Hermes Impact Opportunities Equity fund says it considers the United Nations’ Sustainable Development Goals when making its investments and maintains that such long-term opportunities “transcend the cycle, thereby reducing cyclical volatility”.
ESG criteria are becoming increasingly influential partly because more and more of us want to know that at least some of the money we invest is going to help make a positive difference to the world. Or at least won’t be supporting companies that don’t match up to the ESG message.

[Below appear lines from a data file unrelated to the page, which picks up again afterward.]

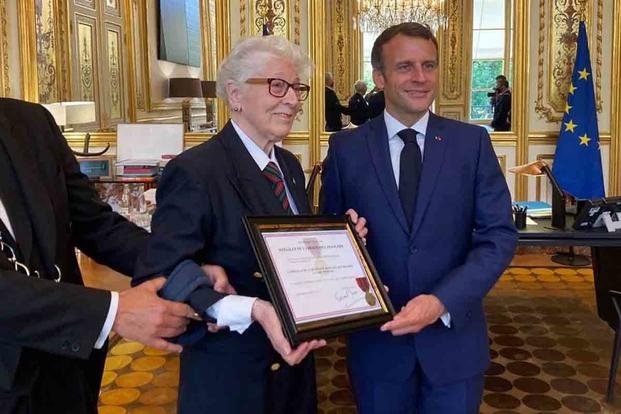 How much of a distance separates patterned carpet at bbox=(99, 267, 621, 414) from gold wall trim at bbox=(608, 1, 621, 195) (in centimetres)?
204

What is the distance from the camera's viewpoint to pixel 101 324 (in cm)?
130

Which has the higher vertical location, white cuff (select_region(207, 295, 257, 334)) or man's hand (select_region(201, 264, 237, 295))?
man's hand (select_region(201, 264, 237, 295))

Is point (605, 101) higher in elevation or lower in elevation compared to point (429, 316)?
higher

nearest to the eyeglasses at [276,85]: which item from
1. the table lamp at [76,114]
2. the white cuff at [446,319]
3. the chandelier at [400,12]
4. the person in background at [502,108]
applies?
the white cuff at [446,319]

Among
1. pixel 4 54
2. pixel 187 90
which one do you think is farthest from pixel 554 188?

But those considering such investment should not expect some sort of magic wand.
“The cost of renewable energy is in significant decline and can now outcompete other forms of power generation in many areas of the globe without subsidies” says Dan Wells, a Partner at Foresight Group.
Speaking to Good Money Week, Craig Bonthron, of the Kames Sustainable Ethical Investment Fund, added: “Going green requires hard work and detailed analysis of the companies being invested in.”
Also, there are different approaches to investing responsibly. For example, some funds that promote themselves as having an ethical or ESG stance may still invest in companies with alleged poor practices, intent on using their shareholdings to pressure them into reform.
So what is driving all this?
It is a combination of factors – greater awareness of the effects of climate change, the vagaries of corporate behaviour, the fall-out from the 2008 financial crisis and an increasingly high ESG media profile.
Essentially, more and more individuals are taking the view that their voice can have an influence however small.
ESG investment exposure makes sense – no longer akin to a charity donation but standing on its own feet in terms of returns.